Researchers are evaluating whether breast conservation surgery combined with endocrine therapy can achieve a similar rate of invasive or non-invasive ipsilateral breast tumor recurrence (IBTR) compared to breast conservation surgery followed by breast radiation and endocrine therapy in patients with Stage I, hormone sensitive, HER2-negative breast cancer with an Oncotype recurrence score of 18 or less. This Phase III trial builds on the established role of radiation after lumpectomy, aiming to identify if radiation can be safely omitted in certain low-risk patients to reduce treatment burden and side effects. Participants receive either breast radiation plus endocrine therapy or endocrine therapy alone. Radiation therapy involves external beam radiation to the whole breast with or without a boost, partial breast irradiation, or accelerated partial breast irradiation, starting within 12 weeks after the last breast surgery. Endocrine therapy is given for a minimum of 5 years, with the specific drug choice and schedule determined by the treating physician. Endocrine therapy may begin before, during, or after radiation therapy, depending on the treatment group. Throughout the study, participants undergo regular assessments including imaging such as mammograms or MRI within six months before enrollment, and clinical evaluations to monitor tumor recurrence. The main outcome measured is the time to invasive or non-invasive ipsilateral breast tumor recurrence over five years. Safety, adherence to therapy, and recovery from surgery are also monitored. The total participation period includes at least five years to evaluate long-term recurrence rates.

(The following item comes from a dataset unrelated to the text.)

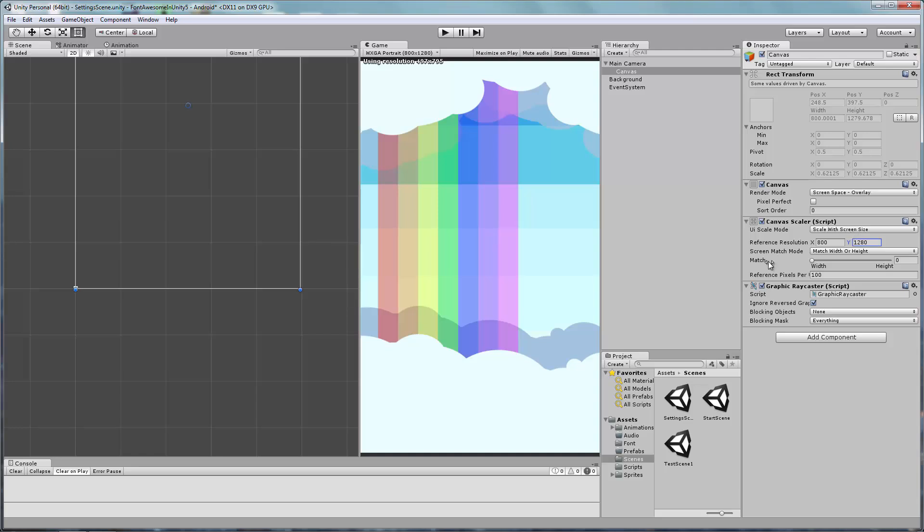Great! Keep the Screen Match Mode set to match with width or height. This is a portrait application, so I'll set the Match slider all the way to height. It's always a good idea to save your project here.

Researchers are evaluating a Phase II randomized trial focused on high residual risk breast cancer patients who are estrogen receptor positive and HER-2 negative. These patients have completed or are currently receiving adjuvant endocrine therapy and are within seven years of completing definitive breast surgery. The study aims to guide second-line adjuvant therapy based on circulating tumor DNA (ctDNA) results to manage the risk of cancer recurrence. Participants undergo ctDNA surveillance using Signatera testing during routine follow-up visits every 4 to 6 months. Those who test positive for ctDNA and show no signs of metastatic disease on CT scans of the chest, abdomen, and pelvis are randomly assigned to receive either palbociclib plus fulvestrant for two years or continue their standard endocrine therapy. Pre- and peri-menopausal patients in the palbociclib and fulvestrant group receive additional GnRH analogue therapy. The maximum treatment duration is two years, with up to 26 cycles allowed. After two years without recurrence, patients may resume their original endocrine therapy plan. Throughout the study, participants are monitored via regular clinical visits, imaging, and ctDNA testing to track cancer recurrence and treatment effects. Researchers assess outcomes over an average of six years, including ctDNA surveillance and therapeutic responses. Safety monitoring, adherence to therapy, and long-term follow-up are integral to evaluating the effectiveness and tolerability of the treatment strategies.